As formigas foram congeladas e posteriormente acondicionadas em frascos contendo etanol 70%. Após montados, os indivíduos foram separados em morfoespécies e identificados até gênero com o auxílio da chave de identificação de Bolton (1994) e espécie/morfoespécie por comparação com a coleção entomológica do Laboratório de Ecologia Evolutiva de Insetos de Dossel e Sucessão Natural da Universidade Federal de Ouro Preto (UFOP), em Ouro Preto. Essa coleção compreende um conjunto de exemplares de Formicidae cujas espécies foram identificadas no Laboratório de Mirmecologia (CEPEC/CEPLAC), em Ilhéus, BA.

Do montante inicial de 30 colmos, foram registrados dados estruturais e morfológicos de 20 deles. Foram tomadas as seguintes medidas: número de entrenós, comprimento e diâmetro dos entrenós, número de furos, comprimento total do colmo e a altura em que ele atinge o dossel. A região do colmo onde ocorre a primeira ramificação também foi verificada, assim como o número de furos e a ocorrência ou não de formigas para cada entrenó. Para medir o comprimento acima do dossel, foi considerado que o mesmo se iniciaria acima da primeira bifurcação da árvore na qual o colmo se apoiava. O efeito das variáveis morfométricas sobre a distribuição da assembléia de formigas foi analisado com uso de modelos de regressão linear simples.

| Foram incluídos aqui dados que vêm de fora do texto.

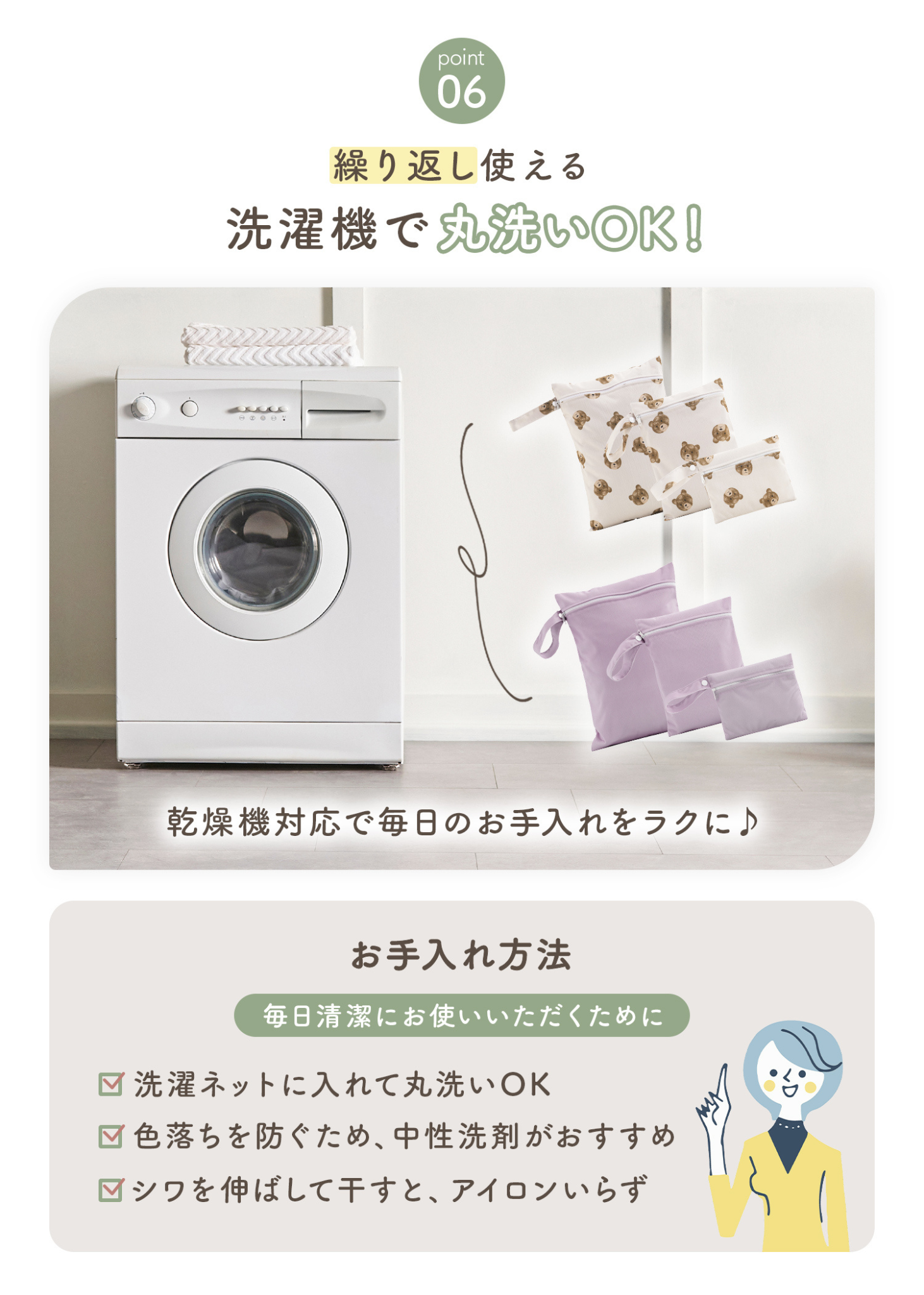 防水ポーチを洗濯機で洗えることを紹介する説明画像。汚れたポーチを手軽にお手入れできる仕様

As espécies foram discriminadas quanto ao seu local de ocorrência no colmo: nó ou entrenó. Esses dados foram usados para comparar os dois locais de modo a testar a singularidade de cada local em relação à assembléia de formigas. O nível de diferença das duas assembléias foi submetido ao teste χ2, quanto a número de colmos ocupados, e ao teste Q, quanto a composição de espécies, para confirmação do observado. Todos os testes estatísticos foram realizados com o auxílio do programa BioEstat 5.0.

Resultados

Os colmos de M. fischeriana apresentaram em média 24,0 ± 7,39 entrenós por colmo (n = 20) distribuídos em seus 9,1 ± 2,72 m de comprimento (n = 20). Do comprimento total, aproximadamente 5,1 ± 1,57 m (n = 20) foram encontrados dentro do volume ocupado pelas copas das árvores. Os nós eram ramificados por folhas compridas e finas que ocorriam em toda extensão do colmo. Os entrenós possuíam em média 39,4 ± 5,56 cm de comprimento (n = 20) e 1,0 ± 0,28 cm de diâmetro (n = 20). Os entrenós foram praticamente iguais em seus diâmetros exceto pelos três ou quatro entrenós apicais que eram muito finos, medindo 0,3 ± 0,15 cm (n = 20), mas esse caráter não se mostrou significativamente determinante para a nidificação e formigas (veja abaixo).

Dentre os colmos analisados, 46% se encontravam lascados ou furados. A maior parte dessas aberturas foi registrada no terço médio dos colmos, em diversas posições e localizações nos entrenós e, em menor número, nos nós. Havia diversos tipos de perfurações, de diversas formas e tamanhos. A abertura externa é maior do que a abertura interna (para o interior do entrenó), de formato arredondado a irregular, com diâmetro de 3 mm, indicando que foram feitas de fora para dentro. As perfurações dispunham-se longitudinalmente no entrenó e a sua origem não foi determinada.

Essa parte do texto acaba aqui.